Page:Revue des Deux Mondes - 1880 - tome 38.djvu/171

La bibliothèque libre.
Le texte de cette page a été corrigé et est conforme au fac-similé.

était donc avéré qu’aussi bien en matière religieuse qu’en politique, un parti voulait retourner en arrière.

Montlosier, quand les questions se posèrent, se porta, avec toute la vigueur de son tempérament, du côté des opinions de sa jeunesse. Dès 1816, il avait été effrayé des maladresses du clergé. Il écrivait à M. de Barante le 11 janvier :

« Les prêtres se regardent comme Dieu... Est-il convenable que des prétentions semblables s’élèvent en ce temps-ci? Ils périront et feront périr la nation et le roi avec eux. Je désire que ce peuple-ci revienne à Dieu ! mais il se donnera plutôt au diable que de se donner aux prêtres... Le peuple français peut subir toute espèce de servitude, il ne subira pas celle-là : celle-là rendra odieuse la famille régnante et entraînera sur elle la malédiction des Stuarts... »

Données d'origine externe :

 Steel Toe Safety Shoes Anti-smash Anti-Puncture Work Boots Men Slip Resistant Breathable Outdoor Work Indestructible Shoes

« 29 février 1816. — Le clergé cherche à étendre tant qu’il peut sa juridiction. Mon frère, autrefois seigneur, aujourd’hui maire de Saint-Ours, a engagé au mariage deux jeunes gens qui vivaient librement. Les jeunes gens se sont présentés à la municipalité et ont voulu de là aller à l’église. Le curé n’a pas voulu les recevoir. Il n’a pas seulement exigé la confession, mais que ces jeunes gens fissent une sorte de pénitence publique en se séparant publiquement pendant un certain temps. L’évêque approuve le curé. L’un et l’autre y voient un moyen d’accroître leur importance. Nos ancêtres ont mis beaucoup de soins à prévenir cette sorte de prétentions. Le refus de sacrement a été une cause criminelle et susceptible de décret de prise de corps. J’en ai vu moi-même des exemples. Un curé ayant refusé d’administrer l’eucharistie à une fille d’assez mauvaise vie, et cela sans insultes, ayant feint seulement de l’oublier, fut décrété d’ajournement personnel par la sénéchaussée de Clermont. »

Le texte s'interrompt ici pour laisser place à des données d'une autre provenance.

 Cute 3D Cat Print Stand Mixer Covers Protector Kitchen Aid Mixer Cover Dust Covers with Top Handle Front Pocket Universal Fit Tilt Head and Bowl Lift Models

Nous rencontrons là toute une théorie qui fut longtemps commune à beaucoup d’esprits, et qu’une étude plus réfléchie des conditions de la liberté et des rapports de l’église avec l’état doit faire écarter. Emprunter à l’ancien régime, à un temps où la société n’était pas sécularisée, où la vie civile et la vie religieuse étaient à ce point mêlées que le roi était un évêque du dehors, emprunter des exemples de mainmise sur le prêtre quand il croyait devoir refuser un sacrement, a été considéré comme une œuvre libérale. Les consciences protesteraient aujourd’hui, nous le croyons, contre cet appel au bras séculier. Bien peu de libéraux, sous la restauration, comprirent du reste la liberté religieuse. Sous la monarchie de juillet elle-même, des préventions obscurcirent cette idée ; ne nous en étonnons pas. Dans l’échelle des conquêtes morales, les idées de tolérance et de justice sont les plus difficiles à atteindre.